Workflow systems for science: programming in the large

Posted by s.aragon on 14 June 2017 - 9:30am

By Daniel S. Katz, Assistant Director for Scientific Software and Applications at the National Center for Supercomputing Applications, University of Illinois Urbana-Champaign.

This article is part of our series: A day in the software life, in which we will be asking researchers from all disciplines to discuss the tools that make their research possible.

A large amount of today’s computational and data science involves combining the execution of many tasks that each run a model or transform data, to build up a multi-component model or a multi-stage data transformation. Most researchers initially do this manually, and then (if they have any programming experience) eventually move to using shell scripts when the manual process gets too painful. However, shell scripts tend to limit the work to single resources, as they don’t really work well with parallel computing.

An alternative method is to use a system that I’ve been involved in developing: the Swift Parallel Scripting Language. (Note that there’s no relation here to Apple’s Swift, other than that they reused our name.) Swift provides an implicitly parallel and deterministic programming model, which applies external applications to data collections using a functional style that abstracts and simplifies distributed parallel execution. Swift addresses many complications commonly associated with parallel and distributed computing, including scale, distribution, complex dependencies, scheduling, heterogeneity and flexibility, fault tolerance, debugging, and performance.

A Swift user today writes a high-level script with C-like syntax that expresses a set of operations, which are often external executables or simple functions, in terms of their inputs and outputs. Swift examines the script, and runs any task that has all its inputs available, using as many resources as are available, whether laptops cores, HPC nodes, or cloud nodes. Once these tasks run and produce outputs, additional tasks that use those outputs as their inputs can be run, and so on, until all tasks have run. We refer to Swift as “programming in the large”, since this is really “programming the orchestration of application programs.”

One group using Swift is the ArcticDEM project at the Polar Geospatial Center at the University of Minnesota, with partners from Ohio State University (OSU) and University of Colorado - Boulder. The project’s goal is to “produce a high-resolution, high-quality, digital surface model (DSM) of the Arctic using optical stereo imagery, high-performance computing, and open source photogrammetry software.” In order to do this, it has to process a stream of satellite images and build them into Digital Elevation Models (DEM) strips (as imaged by orbiting satellites) and DEM mosaics (assemblages of multiple strips that cover larger areas.)

This type of processing is different from how HPC systems are usually configured. For example, sites typically impose policies on batch job schedulers to allow a relatively small numbers of large jobs to run, and will only run an even smaller number of jobs for a given user at once to avoid scheduler overhead and encourage scaling of workloads. The ArcticDEM project needed a way to bundle over 500,000 single-node tasks into a smaller set of 100- to 1000-node jobs. Swift manages the grouping of the ArcticDEM tasks, and also handles the queue of unfinished tasks, adding new tasks into the pool of running jobs as tasks finish.

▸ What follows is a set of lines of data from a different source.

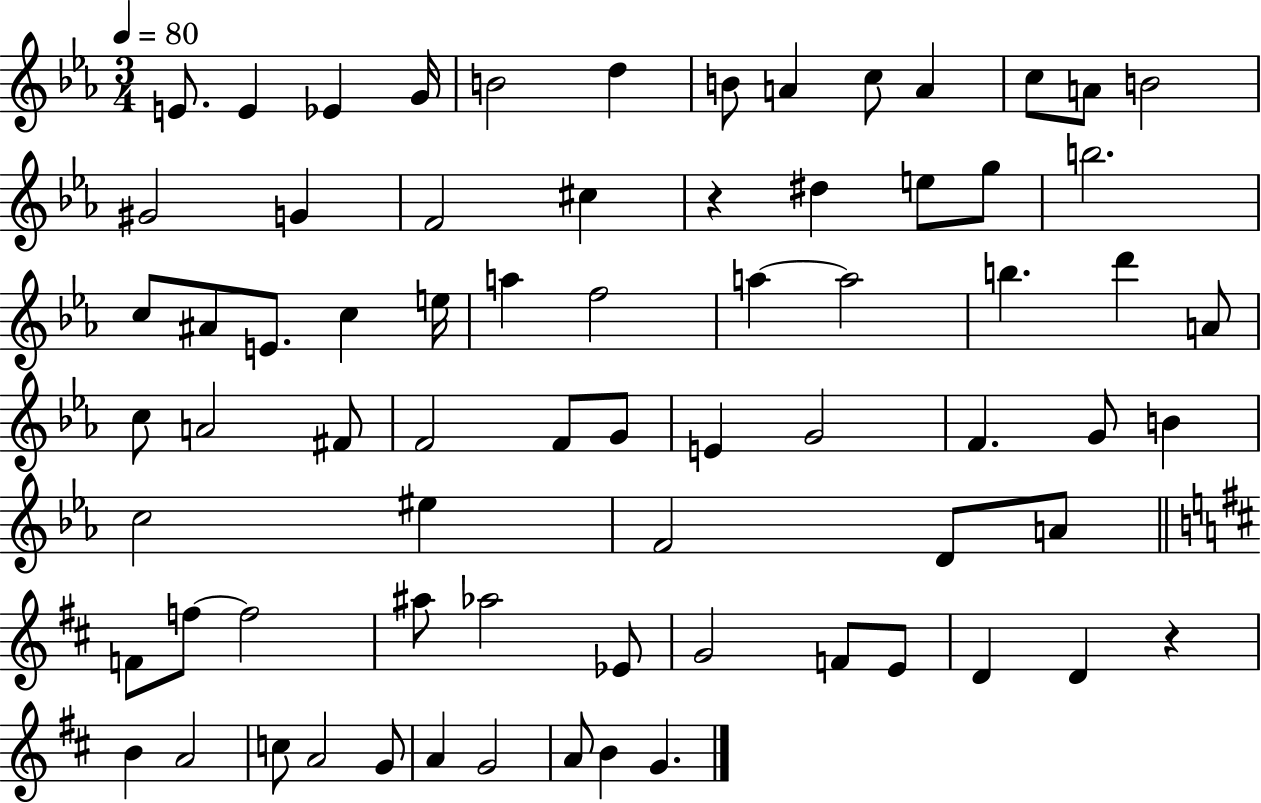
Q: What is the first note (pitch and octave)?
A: E4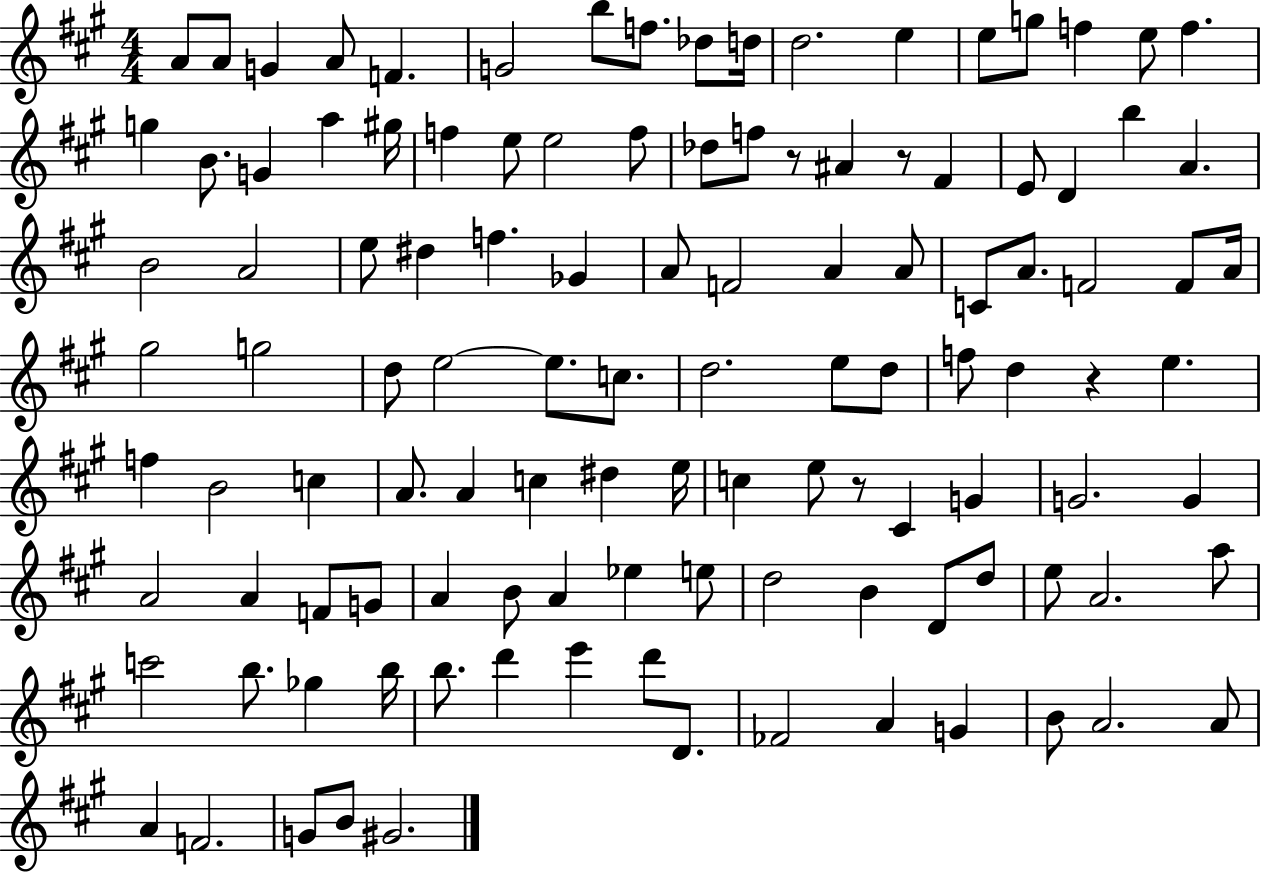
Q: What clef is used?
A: treble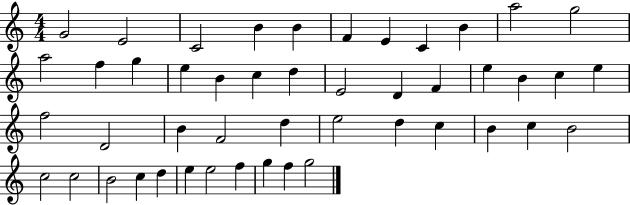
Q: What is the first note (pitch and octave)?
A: G4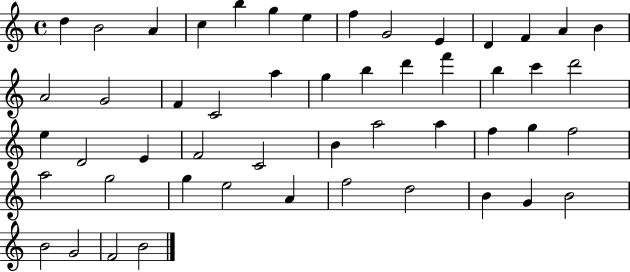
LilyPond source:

{
  \clef treble
  \time 4/4
  \defaultTimeSignature
  \key c \major
  d''4 b'2 a'4 | c''4 b''4 g''4 e''4 | f''4 g'2 e'4 | d'4 f'4 a'4 b'4 | \break a'2 g'2 | f'4 c'2 a''4 | g''4 b''4 d'''4 f'''4 | b''4 c'''4 d'''2 | \break e''4 d'2 e'4 | f'2 c'2 | b'4 a''2 a''4 | f''4 g''4 f''2 | \break a''2 g''2 | g''4 e''2 a'4 | f''2 d''2 | b'4 g'4 b'2 | \break b'2 g'2 | f'2 b'2 | \bar "|."
}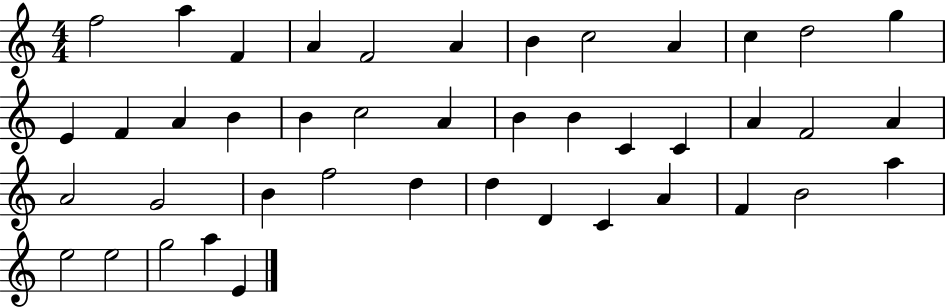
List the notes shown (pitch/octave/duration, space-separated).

F5/h A5/q F4/q A4/q F4/h A4/q B4/q C5/h A4/q C5/q D5/h G5/q E4/q F4/q A4/q B4/q B4/q C5/h A4/q B4/q B4/q C4/q C4/q A4/q F4/h A4/q A4/h G4/h B4/q F5/h D5/q D5/q D4/q C4/q A4/q F4/q B4/h A5/q E5/h E5/h G5/h A5/q E4/q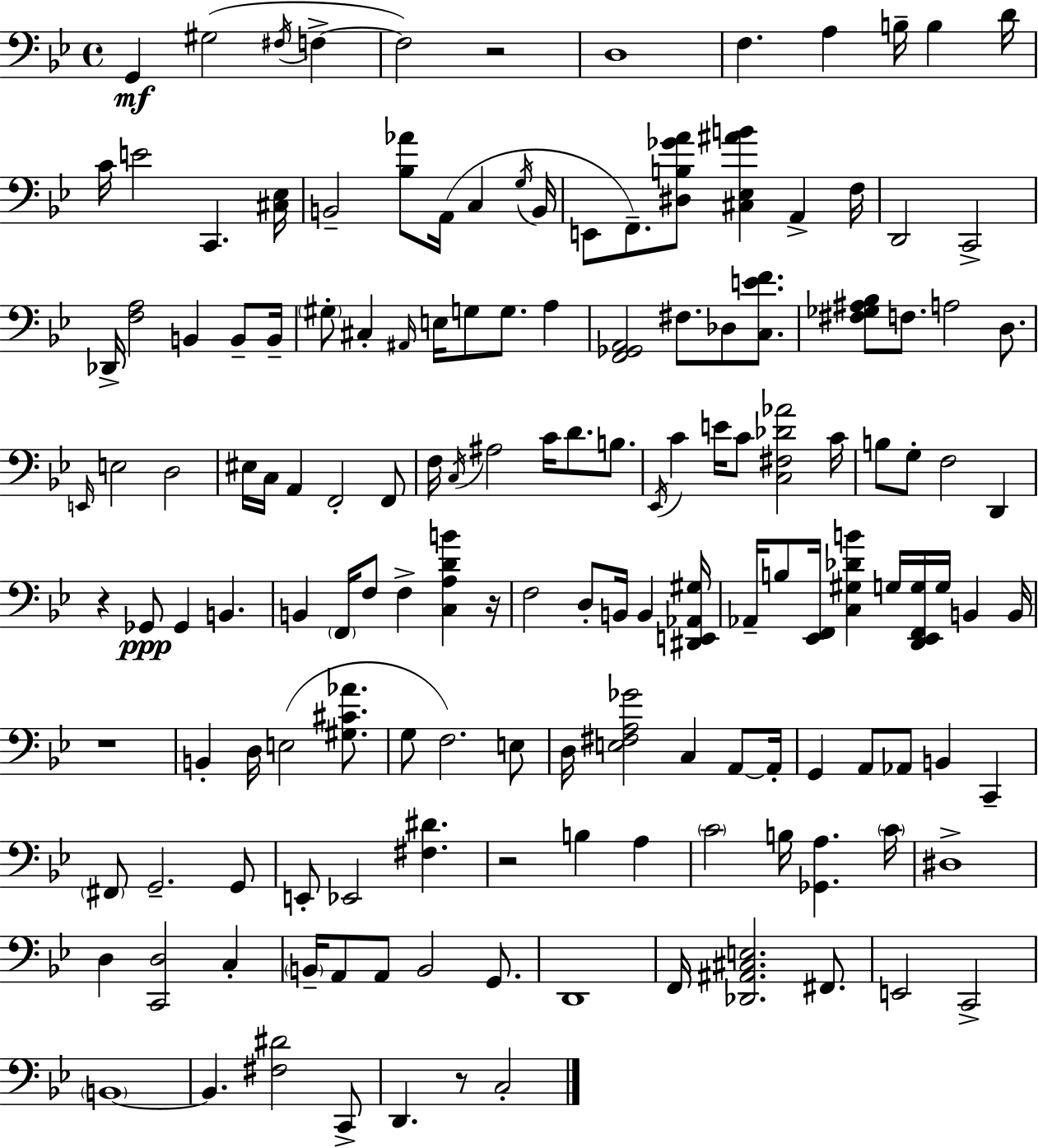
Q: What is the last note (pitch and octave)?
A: C3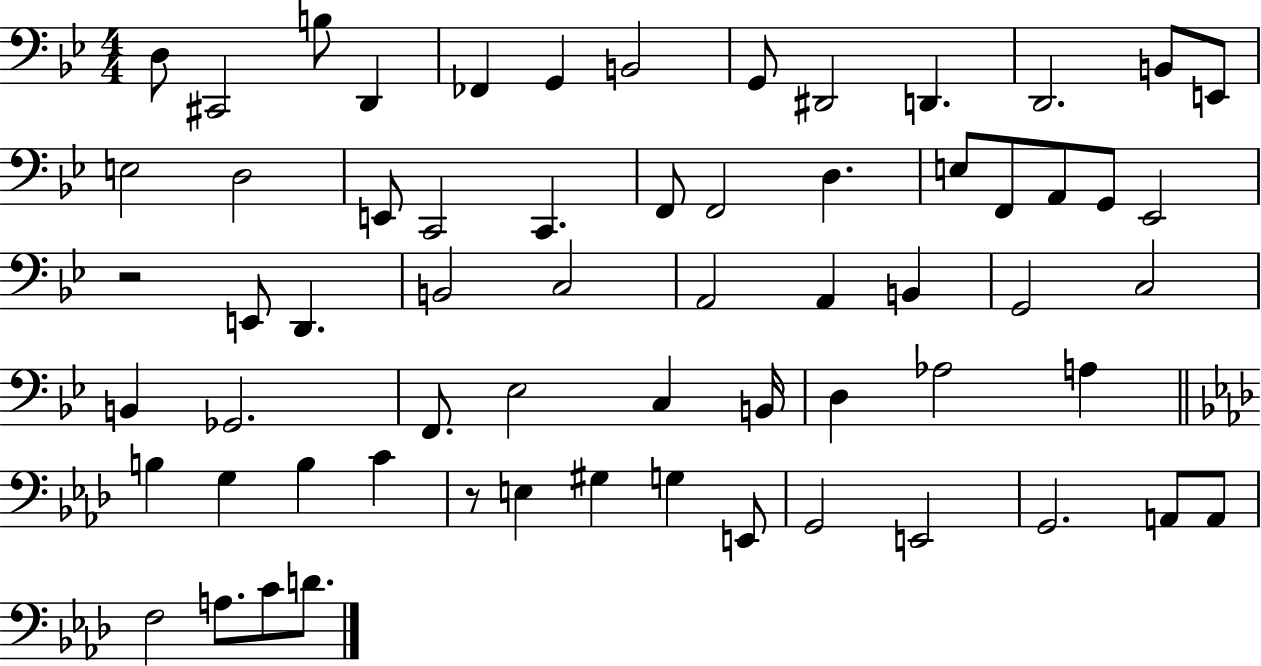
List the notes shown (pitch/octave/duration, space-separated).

D3/e C#2/h B3/e D2/q FES2/q G2/q B2/h G2/e D#2/h D2/q. D2/h. B2/e E2/e E3/h D3/h E2/e C2/h C2/q. F2/e F2/h D3/q. E3/e F2/e A2/e G2/e Eb2/h R/h E2/e D2/q. B2/h C3/h A2/h A2/q B2/q G2/h C3/h B2/q Gb2/h. F2/e. Eb3/h C3/q B2/s D3/q Ab3/h A3/q B3/q G3/q B3/q C4/q R/e E3/q G#3/q G3/q E2/e G2/h E2/h G2/h. A2/e A2/e F3/h A3/e. C4/e D4/e.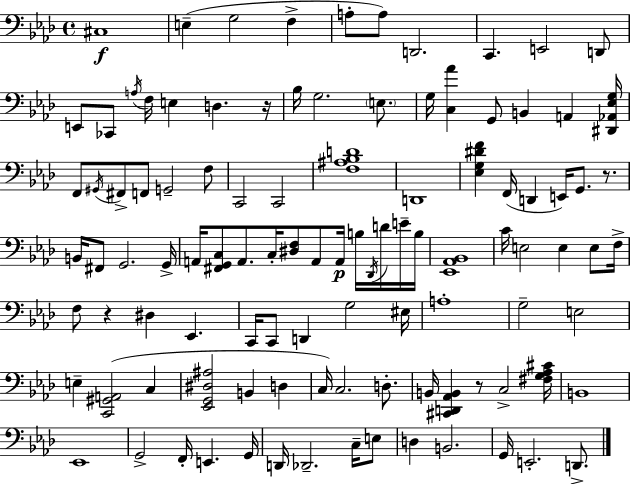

As a result, the ArcticDEM project’s jobs are large enough to avoid burdening the HPC scheduler and still small enough to fit in otherwise unused nodes, increasing the utilisation of the machine. Most importantly, Swift enabled the ArcticDEM project to use over 18 million node hours compute time on Blue Waters since 2016. To date, the project has produced four data releases towards its goal of complete Arctic coverage.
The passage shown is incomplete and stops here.